:: Dataset records

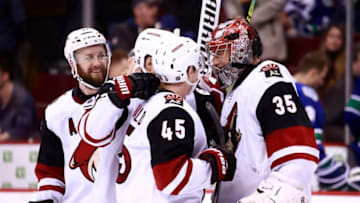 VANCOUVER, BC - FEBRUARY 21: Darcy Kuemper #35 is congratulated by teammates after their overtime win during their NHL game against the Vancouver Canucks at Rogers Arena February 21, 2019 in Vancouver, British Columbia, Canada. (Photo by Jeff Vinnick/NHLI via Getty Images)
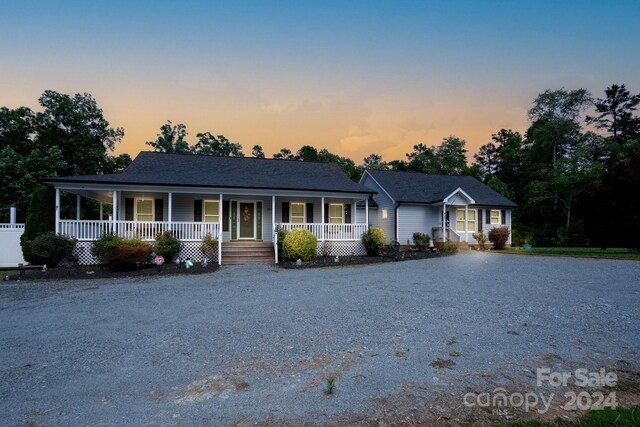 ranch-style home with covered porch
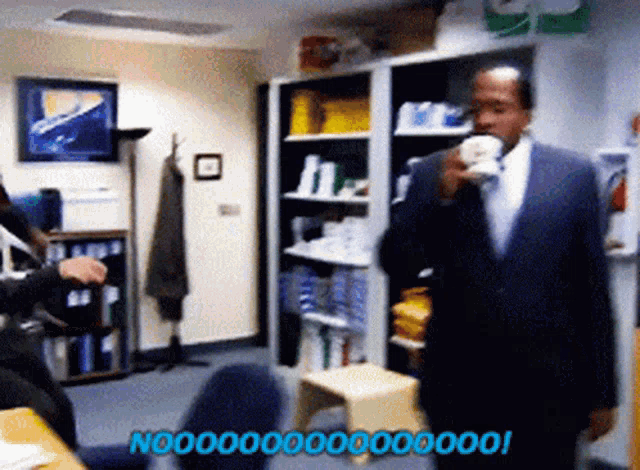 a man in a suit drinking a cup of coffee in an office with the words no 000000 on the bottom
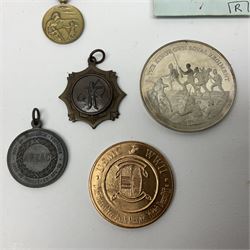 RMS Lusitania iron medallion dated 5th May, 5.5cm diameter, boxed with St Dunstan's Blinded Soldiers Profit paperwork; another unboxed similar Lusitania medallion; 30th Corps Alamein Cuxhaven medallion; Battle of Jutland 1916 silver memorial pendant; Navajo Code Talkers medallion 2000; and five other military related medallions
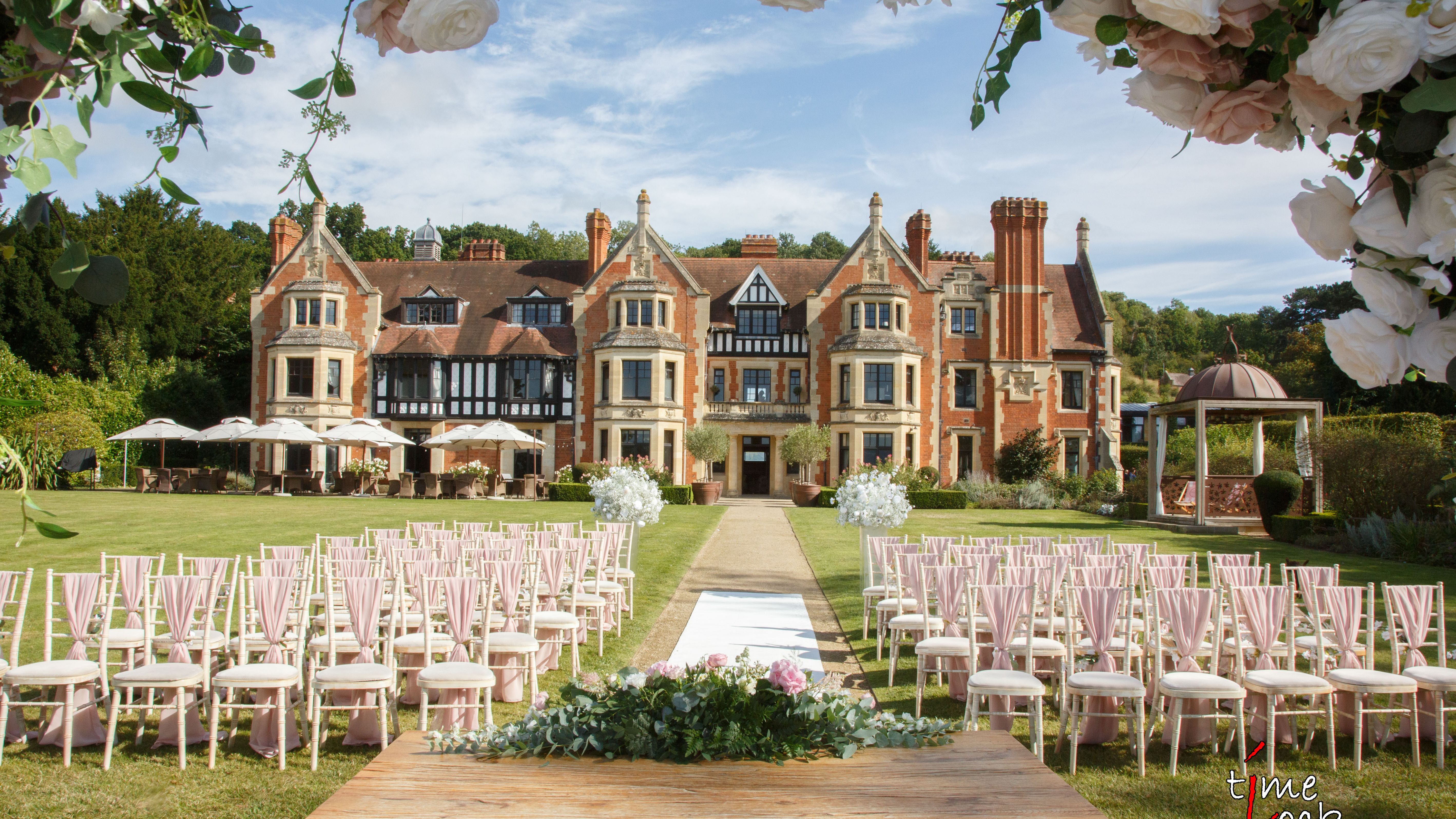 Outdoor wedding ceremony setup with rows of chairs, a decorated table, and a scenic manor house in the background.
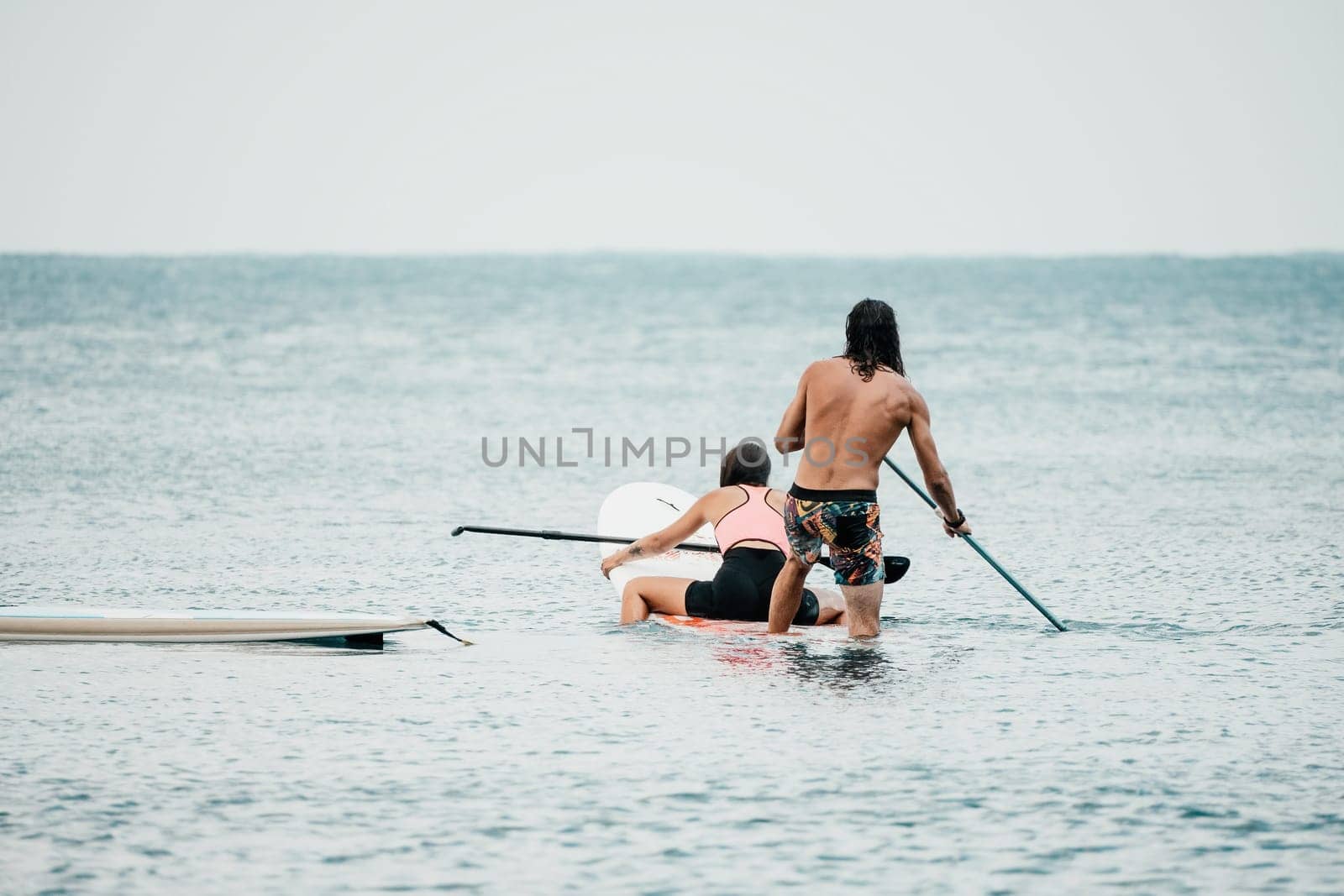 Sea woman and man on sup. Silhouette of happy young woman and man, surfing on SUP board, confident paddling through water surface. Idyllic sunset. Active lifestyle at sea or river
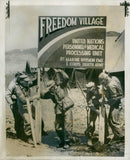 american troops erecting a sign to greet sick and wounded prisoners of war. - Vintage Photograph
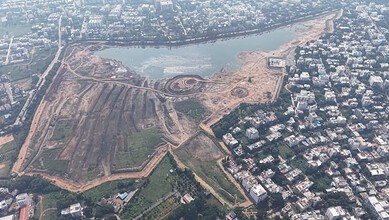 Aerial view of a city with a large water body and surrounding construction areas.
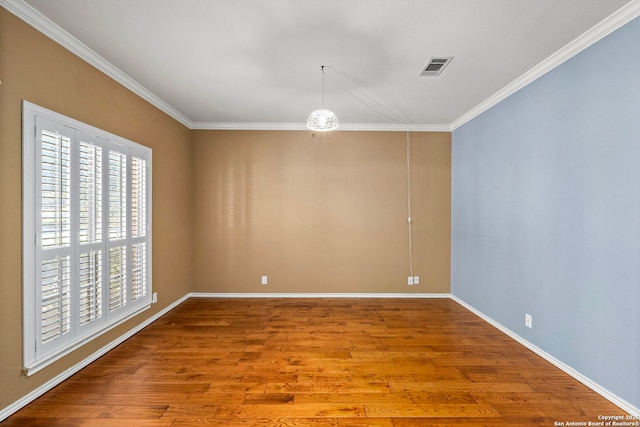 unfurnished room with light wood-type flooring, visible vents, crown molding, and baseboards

::::

◆ **Task requirements**:
Copy out nothing but text: transcribe the listing exactly and skip each picture.

◆ **Output**:
 VANCOUVER, BC - FEBRUARY 21: Darcy Kuemper #35 is congratulated by teammates after their overtime win during their NHL game against the Vancouver Canucks at Rogers Arena February 21, 2019 in Vancouver, British Columbia, Canada. (Photo by Jeff Vinnick/NHLI via Getty Images)
 ranch-style home with covered porch
 a man in a suit drinking a cup of coffee in an office with the words no 000000 on the bottom
 RMS Lusitania iron medallion dated 5th May, 5.5cm diameter, boxed with St Dunstan's Blinded Soldiers Profit paperwork; another unboxed similar Lusitania medallion; 30th Corps Alamein Cuxhaven medallion; Battle of Jutland 1916 silver memorial pendant; Navajo Code Talkers medallion 2000; and five other military related medallions
 Outdoor wedding ceremony setup with rows of chairs, a decorated table, and a scenic manor house in the background.
 Sea woman and man on sup. Silhouette of happy young woman and man, surfing on SUP board, confident paddling through water surface. Idyllic sunset. Active lifestyle at sea or river
 american troops erecting a sign to greet sick and wounded prisoners of war. - Vintage Photograph
 Aerial view of a city with a large water body and surrounding construction areas.
 unfurnished room with light wood-type flooring, visible vents, crown molding, and baseboards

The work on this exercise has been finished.